Déjà il argumente : « Comme on sait, aucune voie ne s’est trouvée pour loger en quelque sorte la conviction résultant de l’analyse dans la restitution de cette dernière ».  Je pense que Freud souligne ainsi le fait que la force de conviction, l’absolue certitude, qui se dégage de l’analyse elle-même ne peut être transposée dans le récit de celle-ci. Sa force est perdue.

A  partir de cette remarque, il vaudrait la peine de reprendre ce qu’aussi bien Freud que Lacan ont pu dire de cette conviction qui est de l’ordre, je ne sais pas trop comment le dire, de l’ordre d’une acceptation subjective, mais d’une acceptation, d’une reconnaissance de ce qui est manifestation du savoir inconscient.
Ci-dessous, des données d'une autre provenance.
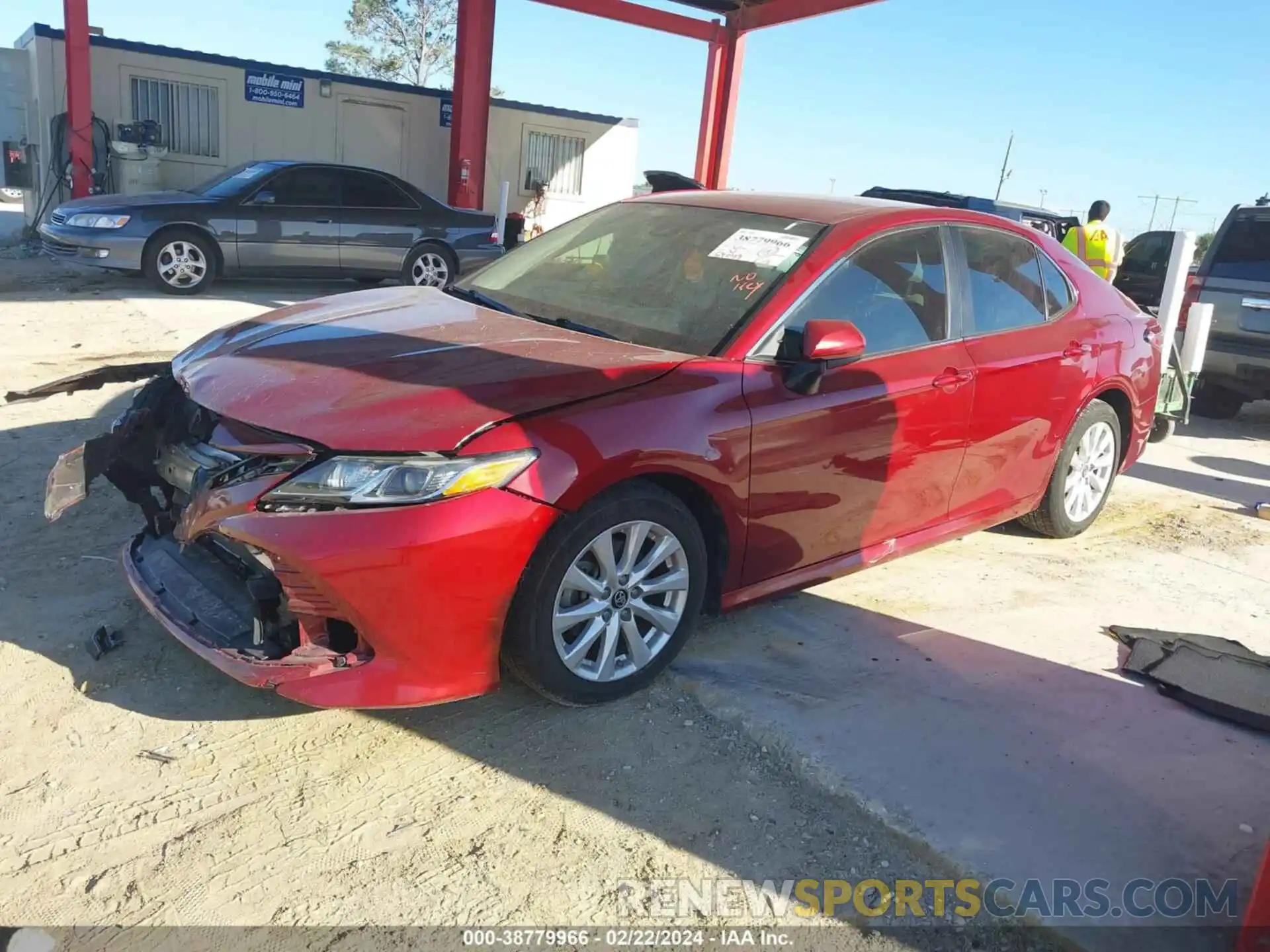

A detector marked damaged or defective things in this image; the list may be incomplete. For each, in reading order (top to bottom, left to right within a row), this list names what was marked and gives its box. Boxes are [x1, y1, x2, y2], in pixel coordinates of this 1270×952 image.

C’est la raison pour laquelle cette conviction ne peut être acquise que dans l’analyse ou de ses après-coups.On peut dire qu’elle est liée à un effet de surprise, une sorte d’illumination qui est liée à l’apparition d’un signifiant et qui permet aussi la levée du doute.
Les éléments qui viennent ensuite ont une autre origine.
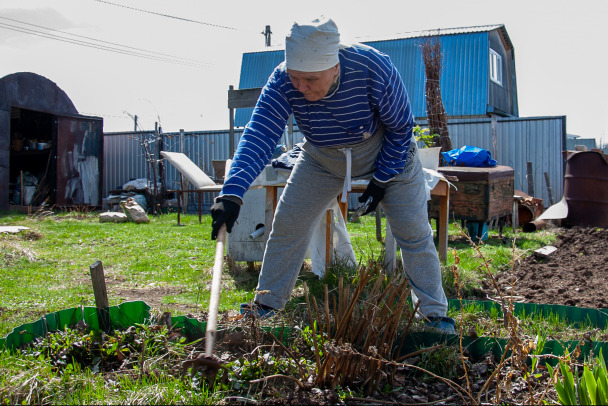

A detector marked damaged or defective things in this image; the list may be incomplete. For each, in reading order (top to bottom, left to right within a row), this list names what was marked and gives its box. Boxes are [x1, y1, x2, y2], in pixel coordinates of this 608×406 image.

A ce propos j’ai un petit fragment d’analyse à vous proposer pour illustrer ce qu’il en est de cette conviction. Au cours d’une séance d’analyse je pleurais, je pleurais pour une raison que j’ai oubliée, j’ai pu l’oublier car ce n’était pas la bonne. Je me souviens que Lacan m’avait simplement suggéré que ces pleurs pouvaient peut-être recevoir une autre explication et avait arrêté là la séance. Aussitôt dans l’escalier, j’éclatais de rire : je venais de retrouver la phrase que répétaient tous les parents à leur fille devenue en âge d’être courtisée « si tu écoutes ce que te disent les garçons, tu attendras un enfant et il ne te restera plus alors que ton mouchoir pour pleurer ! ». La variante est celle des yeux à la place du mouchoir. J’attendais un enfant… puisque je pleurais. L’éclat de rire accompagne la conviction. Ce petit fragment d’analyse, le plus discret possible, est une démonstration de l’efficacité des séances courtes de Lacan : Elles nous donnaient l’esprit d’escalier. C’est dans l’escalier qu’on retrouvait ce qu’il avait voulu nous dire et donc ce qu’on lui avait dit.

Mais Freud poursuit concernant la conviction : « On ne publie donc pas de telles analyses pour susciter la conviction chez ceux qui jusqu’à présent se sont comportés de façon rétive et incrédule. On n’espère apporter quelque chose de neuf qu’aux chercheurs qui se sont déjà acquis des convictions par leurs propres expériences au contact des malades ». La conviction est toujours intime et la matérialité du signifiant est la pièce à conviction.